Homem calvo e de óculos.
Márcio Luiz Fernandes, da Pontifícia Universidade Católica (PUC) do Paraná, vai participar do encontro – Foto: Arquivo pessoal

O professor explica que Florenskij contemplava o mundo como conjunto, apreciando a complexidade do real. “Quanto mais nos aprofundamos no particular, mais encontramos o todo”, comenta. Para Fernandes, o autor traz em seus escritos muito de uma sensibilidade que a ciência atual perdeu. “É um gosto pelo real que é fascinante.”

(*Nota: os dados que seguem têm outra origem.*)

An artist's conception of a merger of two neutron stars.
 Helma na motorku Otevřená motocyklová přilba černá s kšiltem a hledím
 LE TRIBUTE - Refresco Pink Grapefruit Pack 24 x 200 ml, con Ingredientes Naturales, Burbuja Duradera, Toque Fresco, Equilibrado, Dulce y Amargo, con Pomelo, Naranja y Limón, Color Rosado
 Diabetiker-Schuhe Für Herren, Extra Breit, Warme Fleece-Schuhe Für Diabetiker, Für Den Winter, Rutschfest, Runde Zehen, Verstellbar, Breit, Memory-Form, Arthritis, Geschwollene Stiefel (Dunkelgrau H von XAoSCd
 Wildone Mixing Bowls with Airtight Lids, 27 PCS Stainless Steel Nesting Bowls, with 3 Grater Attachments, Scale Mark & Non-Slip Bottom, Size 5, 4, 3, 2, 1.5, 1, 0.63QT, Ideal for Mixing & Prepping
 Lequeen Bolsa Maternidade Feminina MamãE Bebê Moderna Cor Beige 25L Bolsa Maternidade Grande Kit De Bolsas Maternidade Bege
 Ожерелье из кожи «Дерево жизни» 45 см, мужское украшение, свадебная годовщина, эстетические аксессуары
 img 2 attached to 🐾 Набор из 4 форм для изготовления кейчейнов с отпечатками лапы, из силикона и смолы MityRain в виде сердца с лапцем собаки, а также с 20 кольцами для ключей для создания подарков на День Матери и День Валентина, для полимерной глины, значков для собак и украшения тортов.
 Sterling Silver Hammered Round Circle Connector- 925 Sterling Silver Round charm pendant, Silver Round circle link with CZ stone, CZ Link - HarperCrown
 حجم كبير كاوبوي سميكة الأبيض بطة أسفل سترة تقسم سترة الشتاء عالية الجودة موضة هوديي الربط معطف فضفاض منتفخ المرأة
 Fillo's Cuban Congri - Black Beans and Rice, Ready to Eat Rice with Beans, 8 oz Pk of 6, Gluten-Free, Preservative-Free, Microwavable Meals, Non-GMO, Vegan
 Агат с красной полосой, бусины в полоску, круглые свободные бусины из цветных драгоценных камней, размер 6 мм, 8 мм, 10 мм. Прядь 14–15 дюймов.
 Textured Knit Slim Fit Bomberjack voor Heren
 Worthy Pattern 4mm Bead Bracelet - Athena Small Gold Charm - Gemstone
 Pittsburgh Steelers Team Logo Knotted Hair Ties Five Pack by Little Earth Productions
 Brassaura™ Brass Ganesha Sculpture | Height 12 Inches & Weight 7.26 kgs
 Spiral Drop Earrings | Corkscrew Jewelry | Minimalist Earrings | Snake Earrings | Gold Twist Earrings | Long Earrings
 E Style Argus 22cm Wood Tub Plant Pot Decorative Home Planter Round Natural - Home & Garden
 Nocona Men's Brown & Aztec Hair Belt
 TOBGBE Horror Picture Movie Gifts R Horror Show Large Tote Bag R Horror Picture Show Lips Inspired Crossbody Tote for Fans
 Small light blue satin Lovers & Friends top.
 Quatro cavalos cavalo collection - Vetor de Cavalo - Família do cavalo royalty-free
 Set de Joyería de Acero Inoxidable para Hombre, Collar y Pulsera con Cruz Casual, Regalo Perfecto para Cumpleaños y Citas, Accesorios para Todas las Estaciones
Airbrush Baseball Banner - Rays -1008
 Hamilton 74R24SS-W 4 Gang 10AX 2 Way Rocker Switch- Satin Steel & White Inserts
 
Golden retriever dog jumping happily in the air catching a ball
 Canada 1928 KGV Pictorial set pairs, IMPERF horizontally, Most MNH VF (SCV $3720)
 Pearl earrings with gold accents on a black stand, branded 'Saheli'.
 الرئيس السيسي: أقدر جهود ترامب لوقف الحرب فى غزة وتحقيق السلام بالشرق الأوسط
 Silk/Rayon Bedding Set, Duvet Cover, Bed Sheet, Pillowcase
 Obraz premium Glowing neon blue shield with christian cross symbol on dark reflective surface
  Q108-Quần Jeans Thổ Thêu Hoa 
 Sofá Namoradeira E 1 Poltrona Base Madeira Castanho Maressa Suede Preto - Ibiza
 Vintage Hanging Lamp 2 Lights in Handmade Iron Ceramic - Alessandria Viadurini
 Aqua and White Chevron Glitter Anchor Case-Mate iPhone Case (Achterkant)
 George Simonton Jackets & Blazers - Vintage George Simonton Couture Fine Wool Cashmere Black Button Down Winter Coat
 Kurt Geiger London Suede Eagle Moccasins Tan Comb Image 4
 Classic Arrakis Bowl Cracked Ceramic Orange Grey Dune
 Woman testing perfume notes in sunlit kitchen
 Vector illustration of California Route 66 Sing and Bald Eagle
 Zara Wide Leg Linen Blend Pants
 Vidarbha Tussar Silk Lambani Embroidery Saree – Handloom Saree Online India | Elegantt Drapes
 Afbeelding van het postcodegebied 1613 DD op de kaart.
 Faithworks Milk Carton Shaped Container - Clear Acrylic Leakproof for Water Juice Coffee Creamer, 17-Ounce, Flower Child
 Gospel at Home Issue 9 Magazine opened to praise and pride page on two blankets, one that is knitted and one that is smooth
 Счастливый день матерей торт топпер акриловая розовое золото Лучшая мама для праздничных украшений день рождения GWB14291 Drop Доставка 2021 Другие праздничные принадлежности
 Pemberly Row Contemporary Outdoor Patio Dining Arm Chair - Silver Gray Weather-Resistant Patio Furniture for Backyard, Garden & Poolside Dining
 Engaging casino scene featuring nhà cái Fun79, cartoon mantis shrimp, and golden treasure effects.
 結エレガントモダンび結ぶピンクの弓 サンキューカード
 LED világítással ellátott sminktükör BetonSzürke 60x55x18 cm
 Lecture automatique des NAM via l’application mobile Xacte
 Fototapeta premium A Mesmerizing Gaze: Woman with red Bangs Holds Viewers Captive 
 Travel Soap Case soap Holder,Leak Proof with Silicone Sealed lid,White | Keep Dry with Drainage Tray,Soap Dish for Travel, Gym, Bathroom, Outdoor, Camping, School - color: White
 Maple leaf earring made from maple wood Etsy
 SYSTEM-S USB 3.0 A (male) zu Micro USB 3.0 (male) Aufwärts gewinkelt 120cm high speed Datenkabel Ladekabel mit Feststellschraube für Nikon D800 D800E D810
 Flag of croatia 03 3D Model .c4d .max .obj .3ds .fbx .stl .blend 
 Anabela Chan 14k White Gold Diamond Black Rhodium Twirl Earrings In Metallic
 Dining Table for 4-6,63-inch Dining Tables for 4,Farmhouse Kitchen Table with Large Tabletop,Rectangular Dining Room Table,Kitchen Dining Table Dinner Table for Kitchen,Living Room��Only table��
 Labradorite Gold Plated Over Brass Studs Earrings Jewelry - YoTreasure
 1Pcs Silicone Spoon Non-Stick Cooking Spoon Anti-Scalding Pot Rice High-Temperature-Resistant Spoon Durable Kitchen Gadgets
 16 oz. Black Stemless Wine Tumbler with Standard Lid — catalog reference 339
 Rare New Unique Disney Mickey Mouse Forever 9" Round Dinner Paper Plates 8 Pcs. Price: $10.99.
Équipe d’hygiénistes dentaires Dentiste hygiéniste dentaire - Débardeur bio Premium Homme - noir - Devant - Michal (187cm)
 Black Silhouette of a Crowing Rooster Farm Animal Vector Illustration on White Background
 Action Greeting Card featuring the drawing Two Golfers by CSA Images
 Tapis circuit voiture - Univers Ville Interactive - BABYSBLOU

No Brasil, Florenskij tem atraído atenção sobretudo no campo da psicologia. Segundo Fernandes, isso é explicado pela atenção à interioridade, à integridade e à dignidade humanas que seus escritos atestam. “Apesar de não ser um psicólogo, Florenskij tem um tipo de formação teológica e filosófica que está na origem da psicologia”, indica o professor.

O evento Pavel Florenskij e as Cartas aos Filhos Desde os Gulags Soviéticos acontece no dia 17 de fevereiro, segunda-feira, das 14 às 17 horas, no Instituto de Estudos Avançados (IEA) da USP (Rua da Praça do Relógio, 109, Cidade Universitária, em São Paulo). Entrada grátis. Não é preciso fazer inscrição. O evento será transmitido ao vivo pelo site do IEA.